Start of INFORMATION PROVIDED
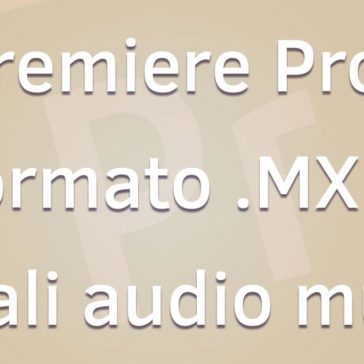 Premiere Pro: il Formato MXF e i canali audio multipli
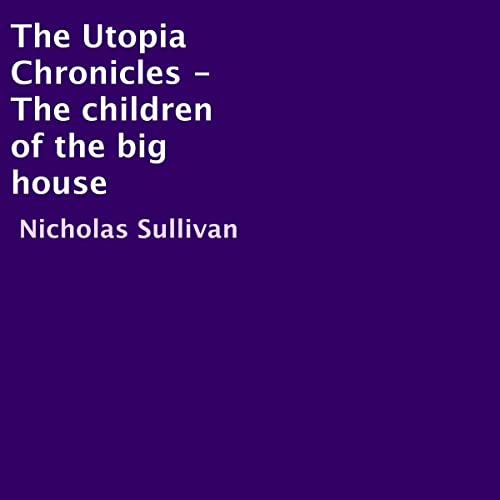 Cover of The Utopia Chronicles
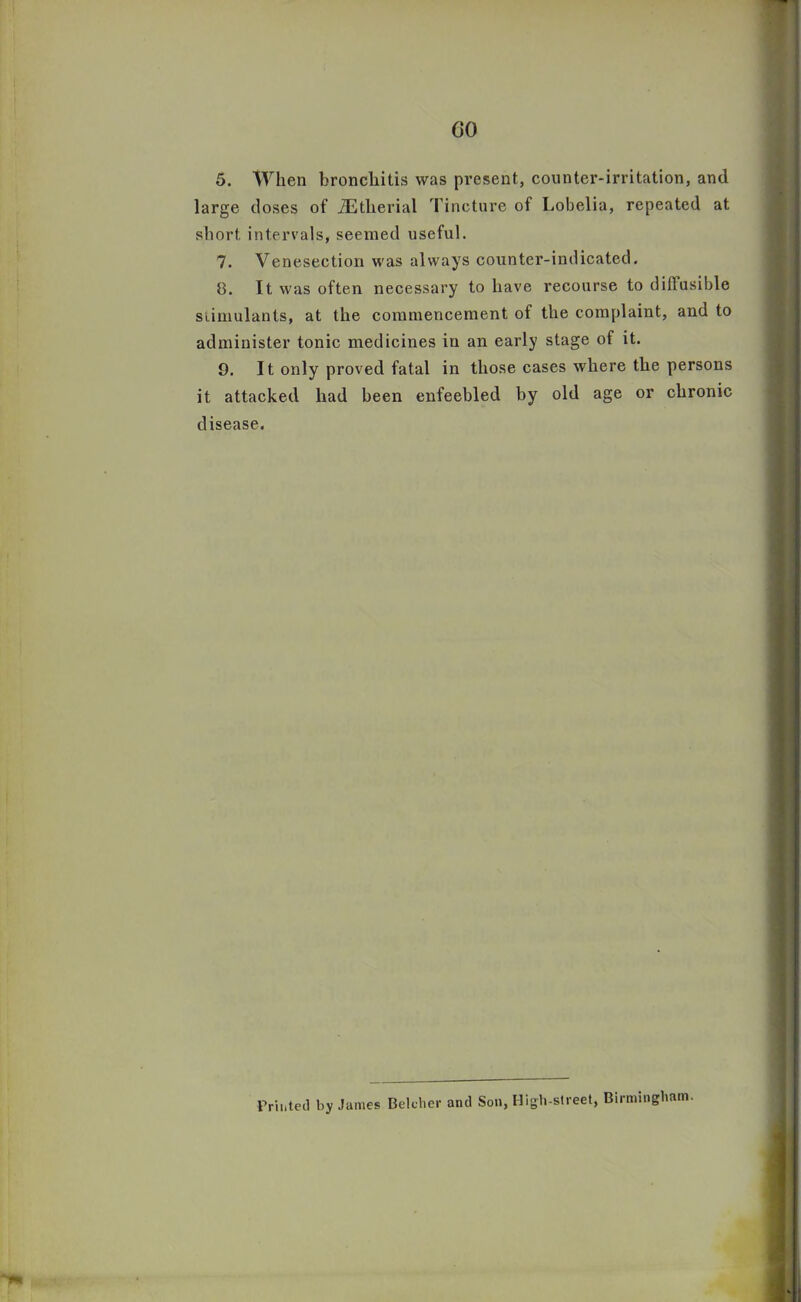 GO 5. When bronchitis was present, counter-irritation, and large closes of iE the rial Tincture of Lobelia, repeated at short intervals, seemed useful. 7. Venesection was always counter-indicated. 8. It was often necessary to have recourse to diffusible stimulants, at the commencement of the complaint, and to administer tonic medicines in an early stage of it. 9. 11 only proved fatal in those cases where the persons it attacked had been enfeebled by old age or chronic disease. Printed by Janies Belcher and Son, High-street, Birmingham.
End of INFORMATION PROVIDED
Would you retype the material exactly, omitting each picture?

• _WRITTEN RESPONSE_
 Premiere Pro: il Formato MXF e i canali audio multipli
 Cover of The Utopia Chronicles
 GO 5. When bronchitis was present, counter-irritation, and large closes of iE the rial Tincture of Lobelia, repeated at short intervals, seemed useful. 7. Venesection was always counter-indicated. 8. It was often necessary to have recourse to diffusible stimulants, at the commencement of the complaint, and to administer tonic medicines in an early stage of it. 9. 11 only proved fatal in those cases where the persons it attacked had been enfeebled by old age or chronic disease. Printed by Janies Belcher and Son, High-street, Birmingham.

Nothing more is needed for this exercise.